Une architecte d’intérieur devenue boulangère, un ex-banquier à la tête de sa fromagerie, ou un responsable marketing reconverti comme électricien… de telles trajectoires professionnelles, si elles restent atypiques, surprennent aujourd’hui de moins en moins. D’une part, les reconversions professionnelles se normalisent : selon le troisième baromètre de la formation et de l’emploi Centre Inffo/CSA, 21 % des personnes actives préparaient une reconversion en janvier 2022, auxquelles on peut ajouter les 26 % qui déclaraient en envisager une à terme.
D’autre part, les reconversions de Cadres ou Professions intellectuelles supérieures (CPIS) vers un métier artisanal font, en particulier, l’objet d’une mise en lumière récente, souvent sous un angle positif.
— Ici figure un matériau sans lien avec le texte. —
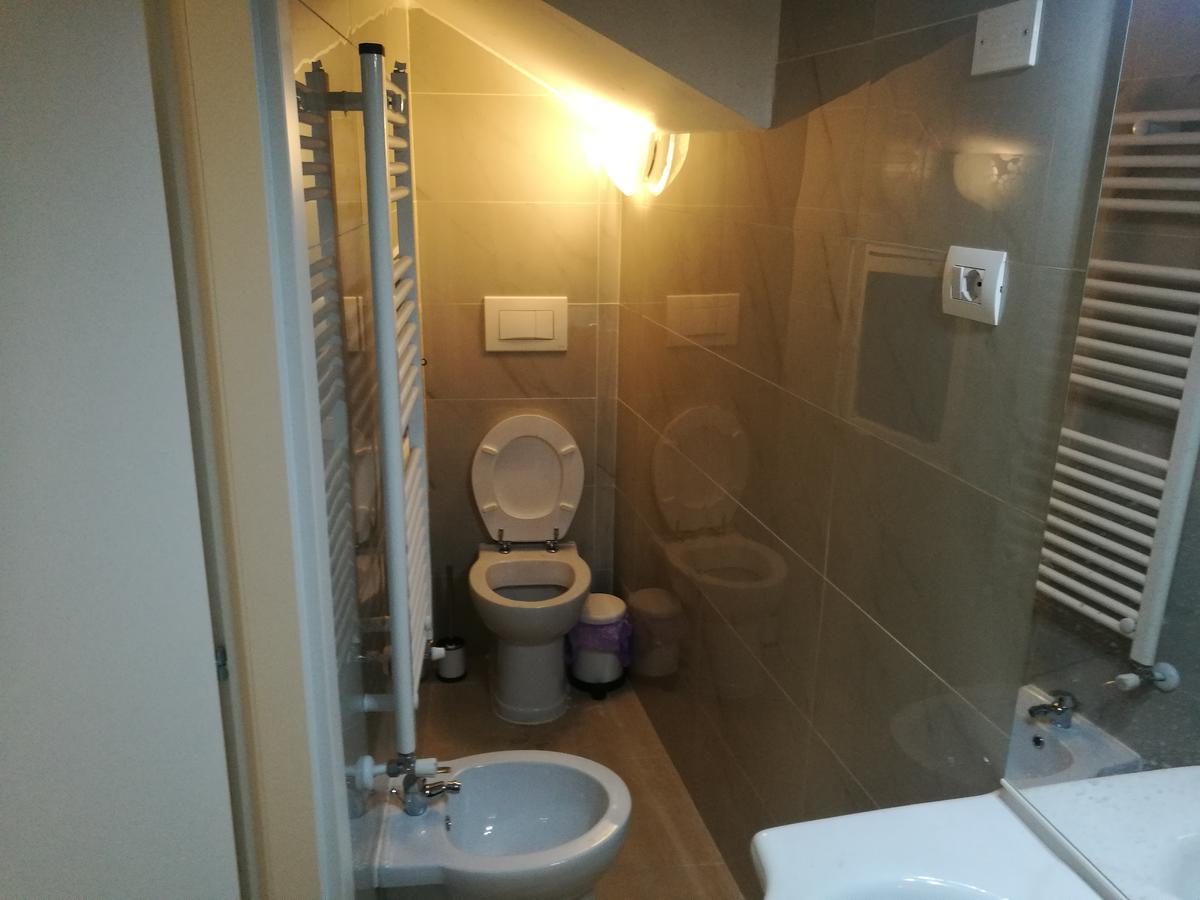 Locanda Rocco Firenze Kültér fotó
On trouve ainsi de nombreux portraits de ces personnes reconverties dans la presse, tandis que certains – à l’image de Matthew B. Crawford ou d’Arthur Lochmann – rendent compte de leur expérience en l’articulant à une réflexion sur la valeur du travail « manuel ».
Ces reconversions posent pourtant un défi de taille à l’analyse des mobilités sociales, soucieuse d’identifier les déterminants de l’ascension, de la reproduction ou du déclassement social. Ce dernier peut s’analyser à l’échelle intergénérationnelle, lorsque les enfants atteignent une position relativement moins élevée dans la hiérarchie sociale que celle qu’occupaient leurs parents ; mais également à l’échelle intragénérationnelle, correspondant par exemple à la situation où un individu occupe une position professionnelle pour laquelle il s’avère surqualifié. Dans un cas comme dans l’autre, le déclassement est envisagé comme un phénomène subi. Comment, dès lors, rendre compte des reconversions de cadres vers l’artisanat ?
Pour des individus ayant atteint une position professionnelle élevée ou disposant d’un haut niveau de qualification, se reconvertir dans un métier « manuel » de l’artisanat pourrait en effet être envisagé comme un « déclassement volontaire » paradoxal. Se pose la question de ce qui motive ces mobilités professionnelles atypiques et des satisfactions que les personnes reconverties sont susceptibles d’éprouver dans leur nouveau métier.